Notable features / functions / behaviors

  • Path1 and Path2 arguments may be references to any mix of local directory paths (absolute or relative), UNC paths (//server/share/path), or configured remotes/clouds with optional subdirectory paths. Cloud references are distinguished by having a ':' in the argument (see Windows support, below). Path1 may be considered the master, in that any changed files on Path2 are applied to Path1, and then a native rclone sync is used to make Path2 match Path1. The LSL files in rclonesync's working directory (default ~/.rclonesyncwd) are named based on the Path1 and Path2 arguments so that separate syncs to individual directories within the tree may be set up. In the tables below, understand that the last operation is to do an rclone sync <Path1> <Path2> if rclonesync had made any changes on the Path1 filesystem.

  • Any empty directories after the sync on both the Path1 and Path2 filesystems are NOT deleted, by default (changed in V2.4). If the --remove-empty-directories switch is specified, then both paths will have any empty directories purged as the last step in the process.

  • --first-sync - This will effectively make both Path1 and Path2 filesystems contain a matching superset of all files. Path2 files that do not exist in Path1 will be copied to Path1, and the process will then sync the Path1 tree to Path2. Note that the base directories on both the Path1 and Path2 filesystems must exist, and must contain at least one file, or rclonesync will fail. This is required for safety - that rclonesync can verify that both paths are valid. Attempting to rclonesync to an empty directory results in ERROR Zero length in prior Path list file. The fix is simply to create the missing directory and place a single file in it and rerun the --first-sync. NOTE that when using --first-sync a newer version of a file on the Path2 filesystem will be overwritten by the Path1 filesystem version. Carefully evaluate deltas using --dry-run.

  • --check-access - Access check files are an additional safety measure against data loss. rclonesync will ensure it can find matching RCLONE_TEST files in the same places in the Path1 and Path2 filesystems. Time stamps and file contents are not important, just the names and locations. Place one or more RCLONE_TEST files in the Path1 or Path2 filesystem and then do either a run without --check-access or a --first-sync to set matching files on both filesystems. Also see the --check-filename switch.

  • --max-deletes - As a safety check, if greater than the --max-deletes percent of files were deleted on either the Path1 or Path2 filesystem, then rclonesync will abort with a warning message, without making any changes.
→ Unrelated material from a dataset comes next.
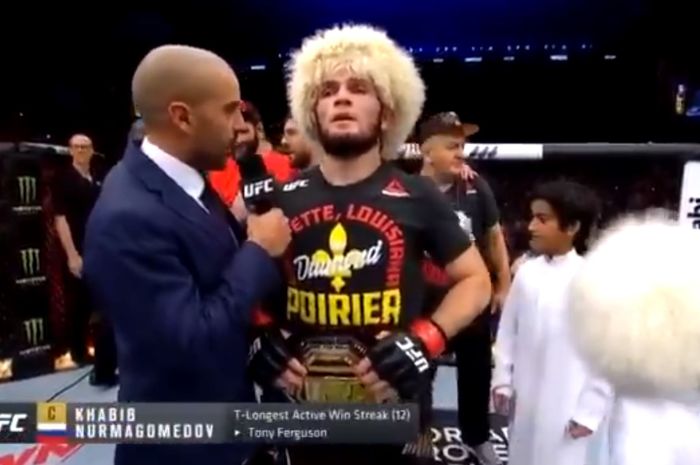 Khabib Nurmagomedov menjalani sesi wawancara di atas ring pada akhir UFC 242, Minggu (8/9/2019) dini hari WIB.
The default --max-deletes is 50%. One way to trigger this limit is to rename a directory that contains more than half of your files. This will appear to rclonesync as a bunch of deleted files and a bunch of new files. This safety check is intended to block rclonesync from deleting all of the files on both filesystems due to a temporary network access issue, or if the user had inadvertently deleted the files on one side or the other. To force the sync either set a different delete percentage limit, eg --max-deletes 75 (allows up to 75% deletion), or use --force to bypass the check.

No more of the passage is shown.